Speaking with King World News (KWN) earlier this week, Marc Faber said when compared to the Federal Reserve’s monetary base, today’s gold is “inexpensive.”
As physical buyers of the yellow metal trounced the paper shorts in yesterday’s option expiration trading, taking the gold price to $1,620 at the close, the typical price smack down, followed by a rally, and then, a subsequent smack down wasn’t evident throughout the day. If Asian buyers were stepping in to pick up the new shorts, the operation went off seamlessly.
It appears that something very different is going on in the flow to safe haven buying this month.

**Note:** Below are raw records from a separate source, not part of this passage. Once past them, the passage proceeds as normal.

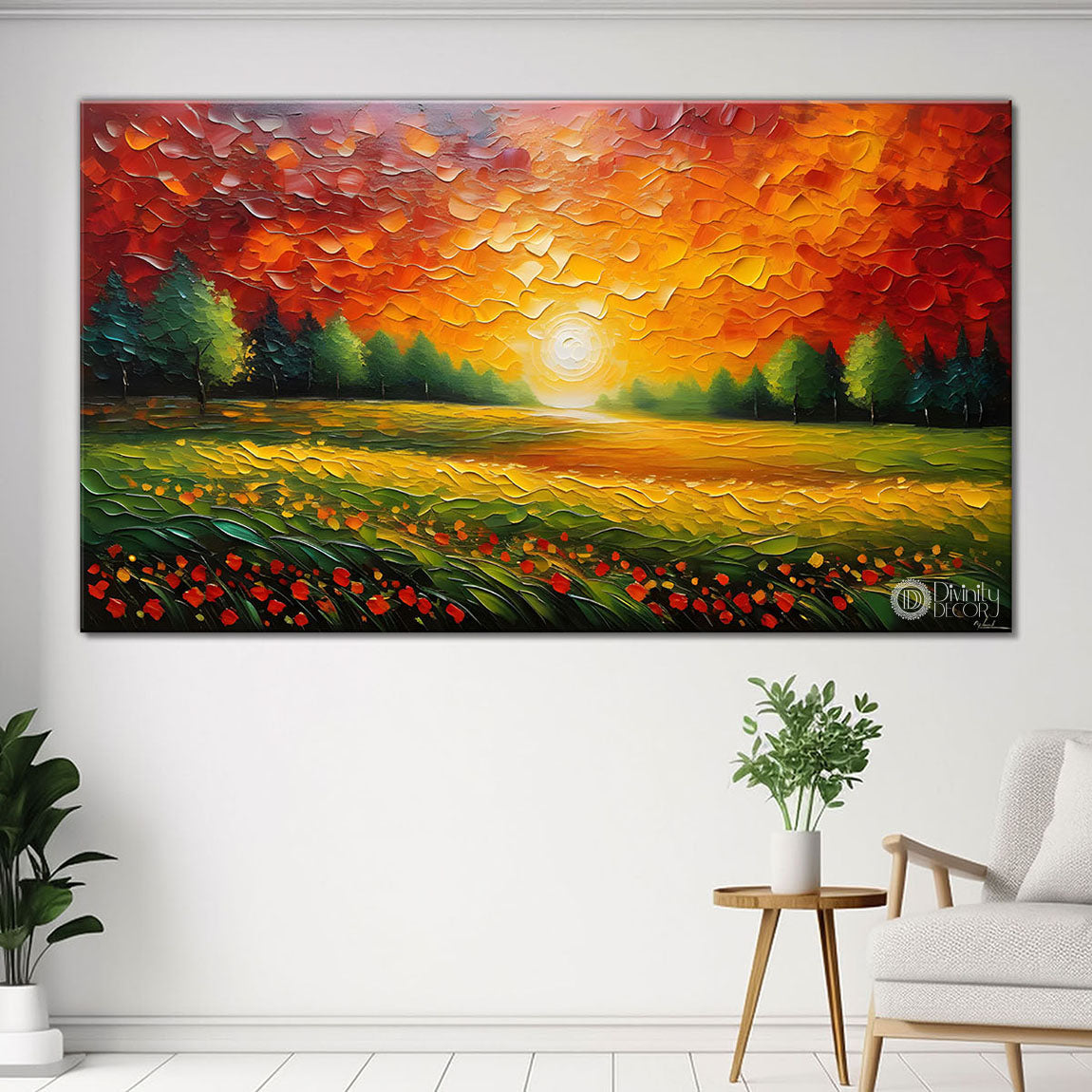 Landscape with sunrise textured painting Canvas Painting - Nature Art -719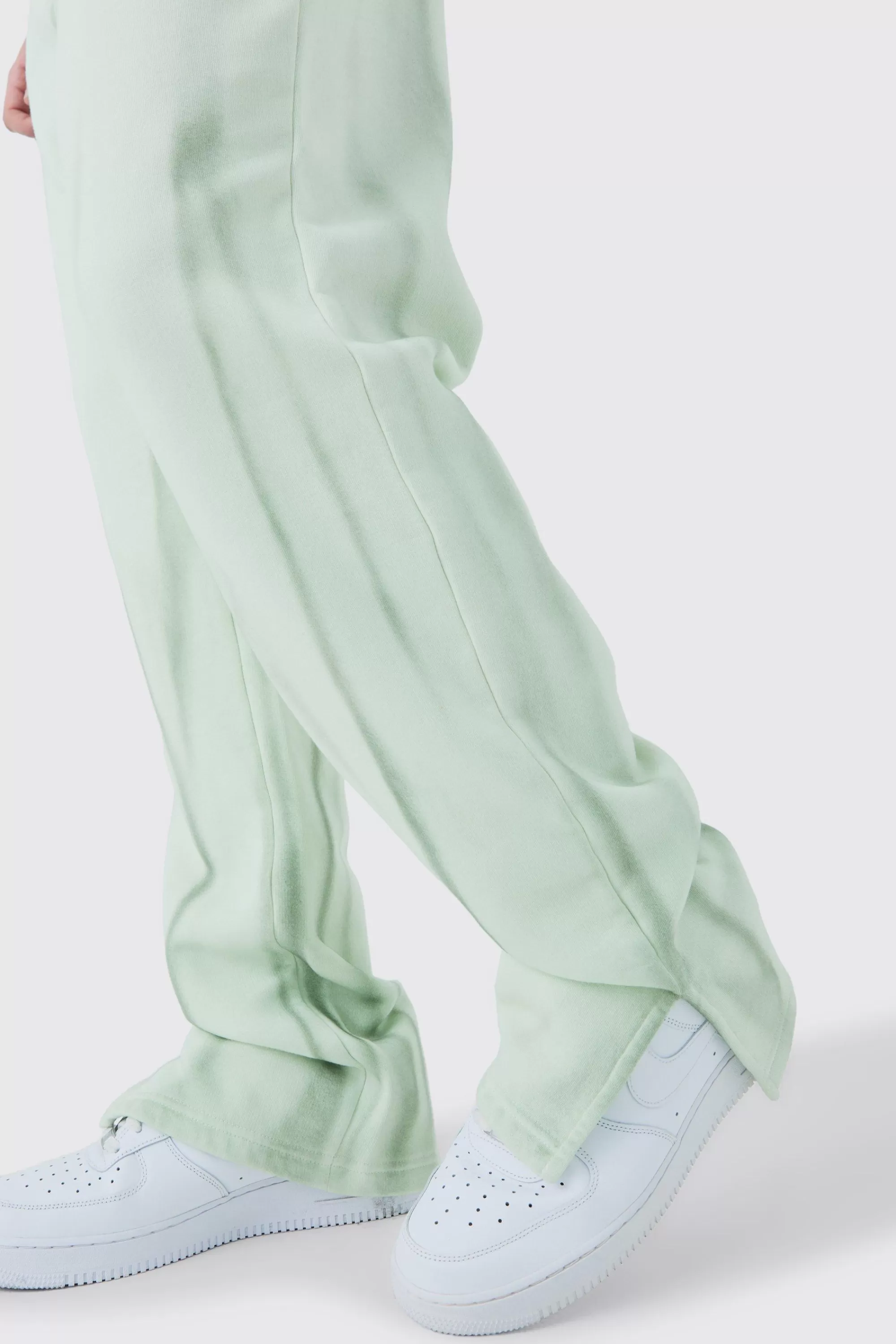 boohooMAN Regular Fit Split Hem Ombre Spray Wash Jogger | UK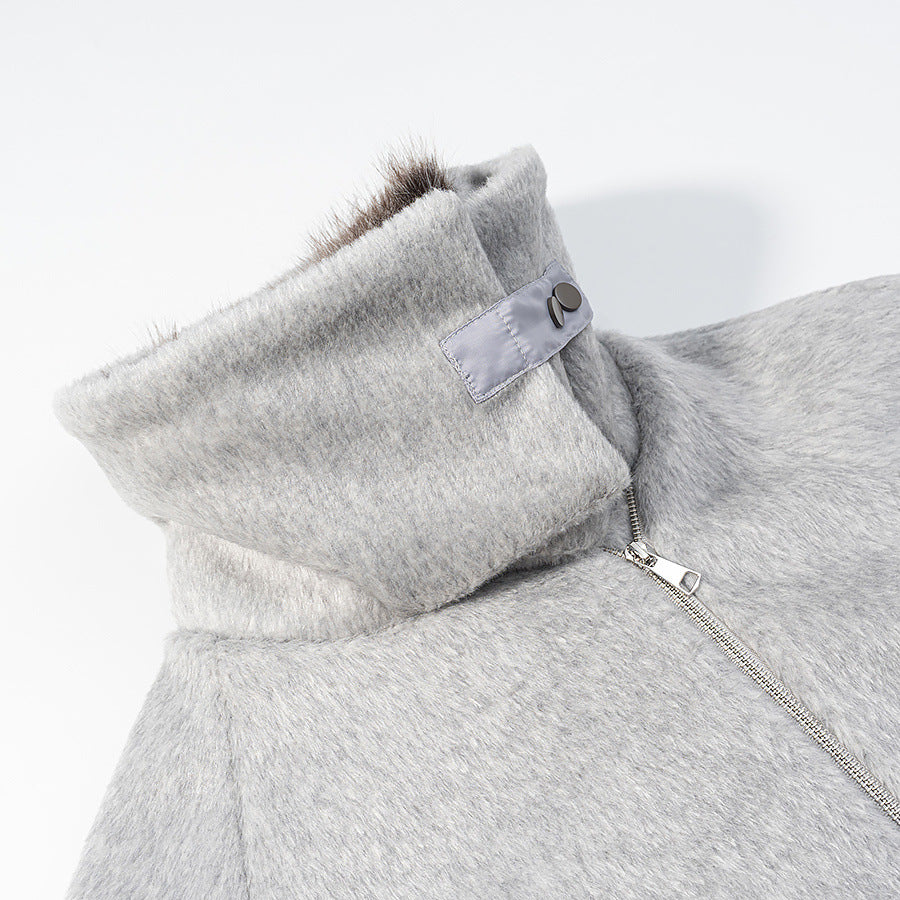 Damen Kurzjacke mit voluminösem Kunstfellkragen und Oversize-Schnitt Shop Nory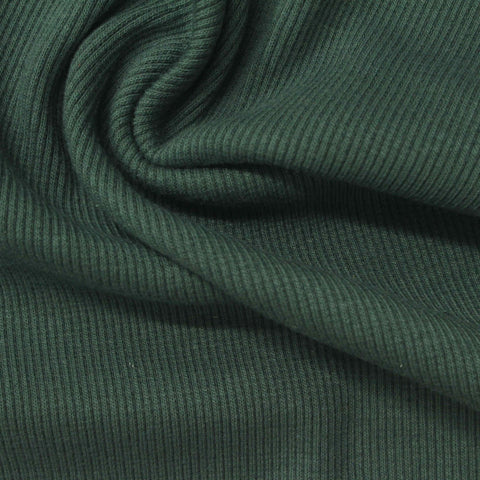Dark Green Rib Knit, Poly-Cotton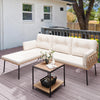 YITAHOME Patio Furniture Set, 3-Piece Outdoor Wicker Conversation Sectional L-Shaped Sofa with 4 Seater for Backyard, Porch, Boho Detachable Lounger with Cushions and Coffee Table - Beige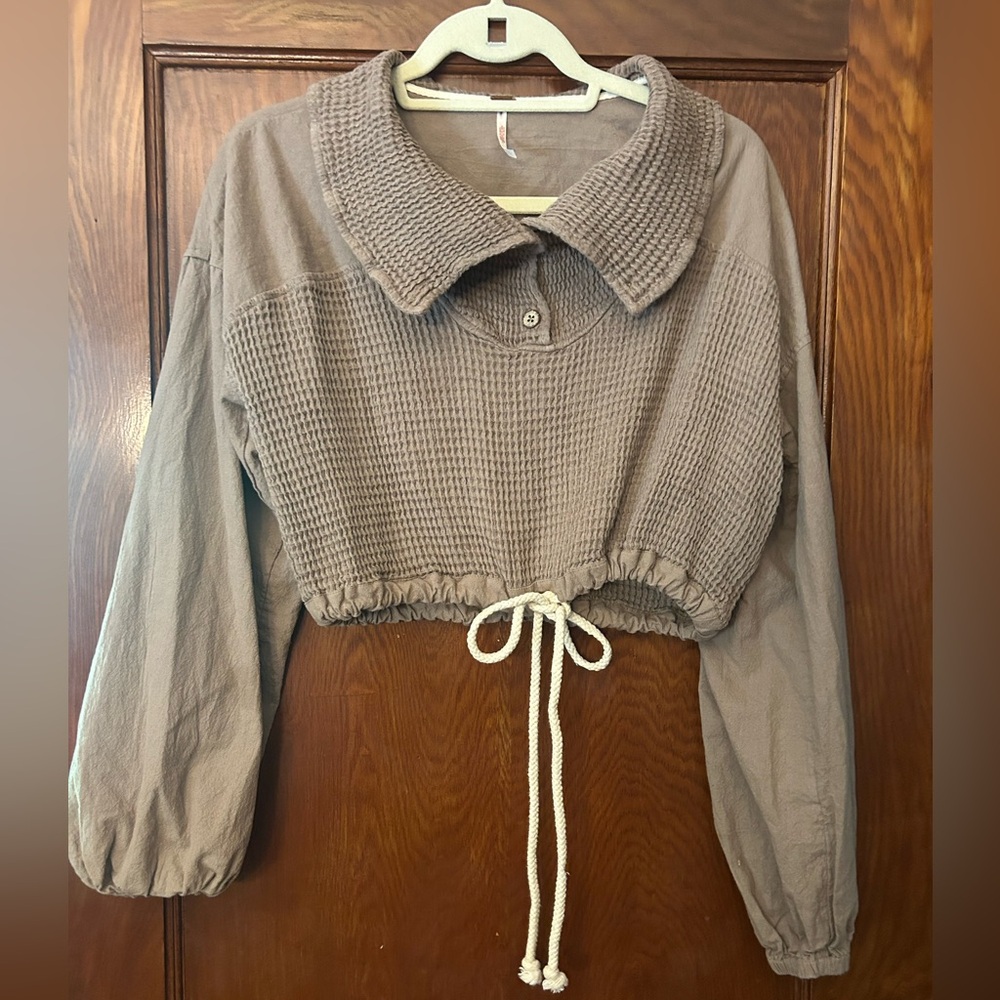Free People Long Sleeve Cropped Top Waffle Knit Drawstring Waist Taupe Small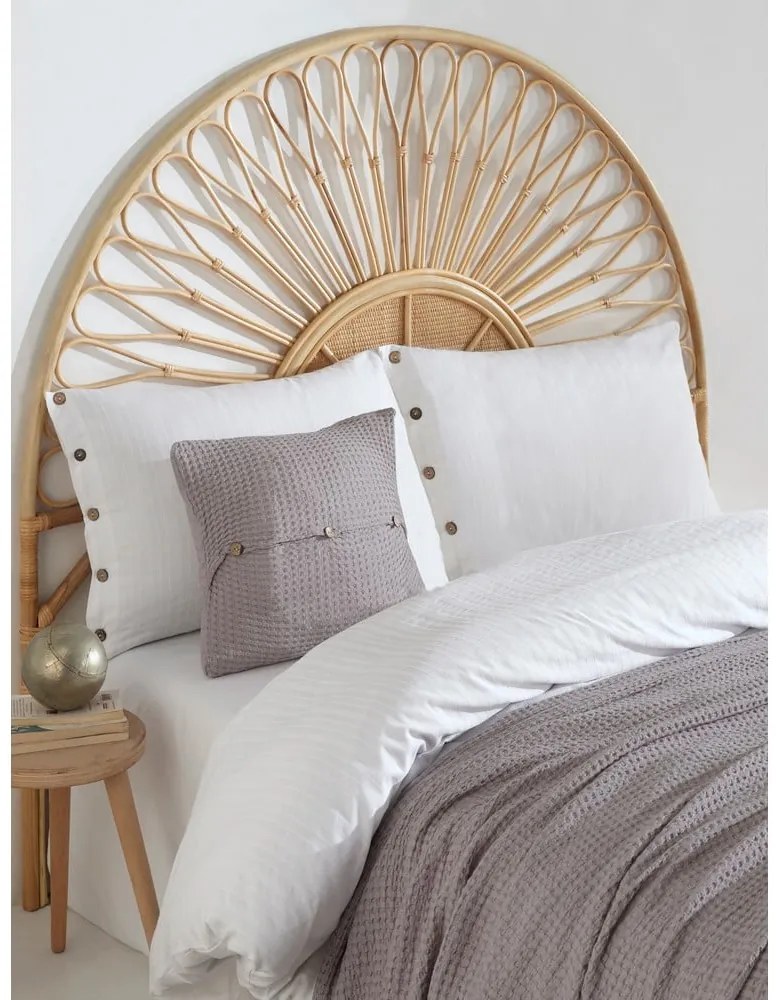 Lenjerie de pat albă din bumbac ranforcé pentru pat de o persoană 140x200 cm Como Striped – Mila Home Luxury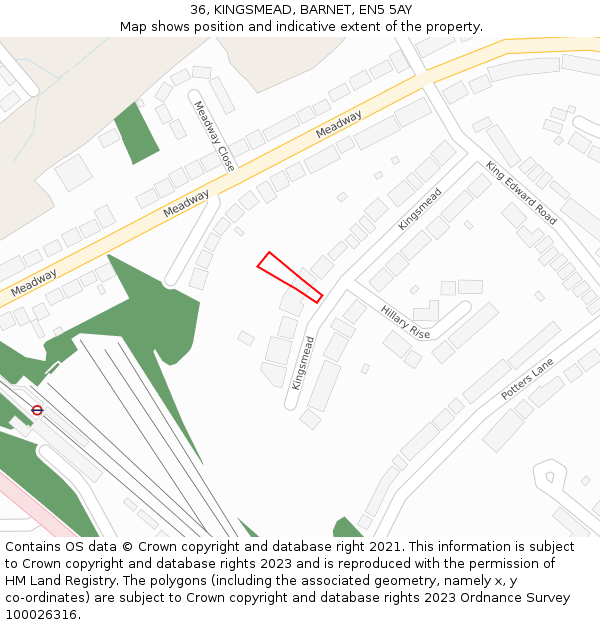 36, KINGSMEAD, BARNET, EN5 5AY: Location map and indicative extent of plot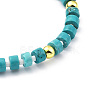 Adjustable Synthetic Turquoise & Natural Shell & Brass Braided Beaded Bracelet with Charms for Women BJEW-O187-08-2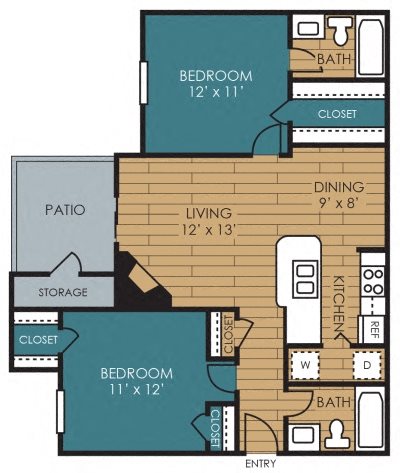 Hampton floor plan at The Manhattan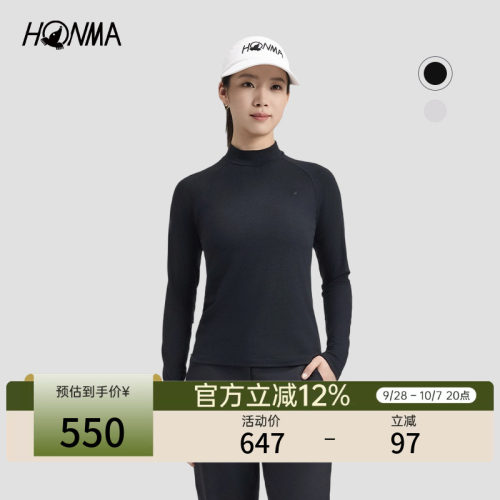 【专业高尔夫】HONMA秋季女士打底衫亲肤显瘦套头修身百搭长袖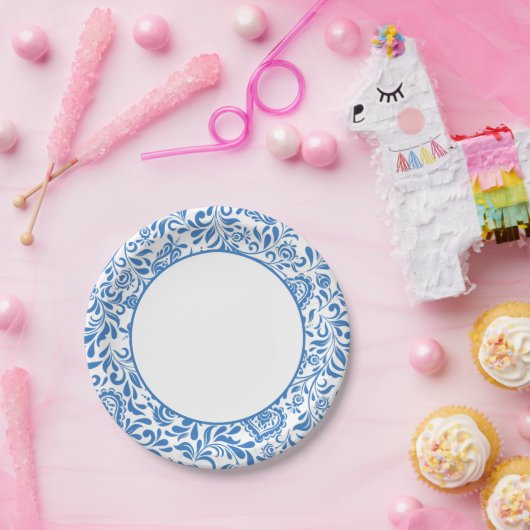 blauwe Tegels grieks mediterraan feest Papieren Bordje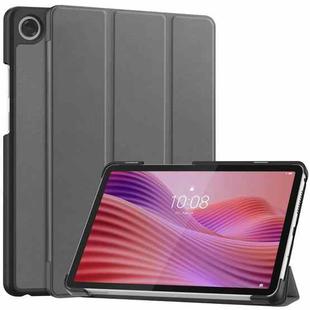 For Lenovo Tab One TB-305FU / Tab K9 Custer Texture 3-Fold Holder Leather Smart Tablet Case(Gray)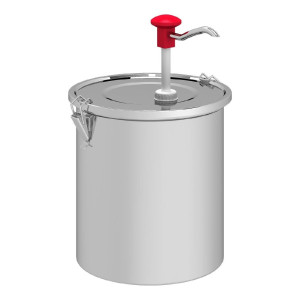 Distributeur de Sauce à Poussoir en Inox - 5 L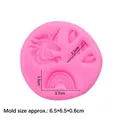 Stampo in silicone rosa con unicorno e arcobaleno per decorazioni dolci e resina - Unicorno-Rosa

The ponytailed, Swiss-born, eccentric money manager, who calls Thailand and Hong Kong his stomping grounds, sees the simultaneous fiscal woes in Europe and the United States leaving investors little choice in the duck-and-cover maneuvers since the collapse of Bear Stearns in March 2008.
“Well I think investors are gradually realizing that it’s unusual, with all of the problems in Europe that the euro is actually relatively strong against the U.S. dollar,” said Faber. “They are realizing U.S. holders don’t want to hold euros because they don’t trust the euro and the Europeans don’t want to hold dollars because they don’t trust the dollar.”
At the open of European trading at 3 a.m. EST, significant dollar weakness could be seen across a broad range of currencies. In earlier Asia trading, the Aussie dollar broke through 1.10, the Swiss franc cracked 1.25, the NZ dollar reached 86.6, and the Canadian dollar as well as the Malaysian ringgit both trounced the greenback to finish strongly at the close.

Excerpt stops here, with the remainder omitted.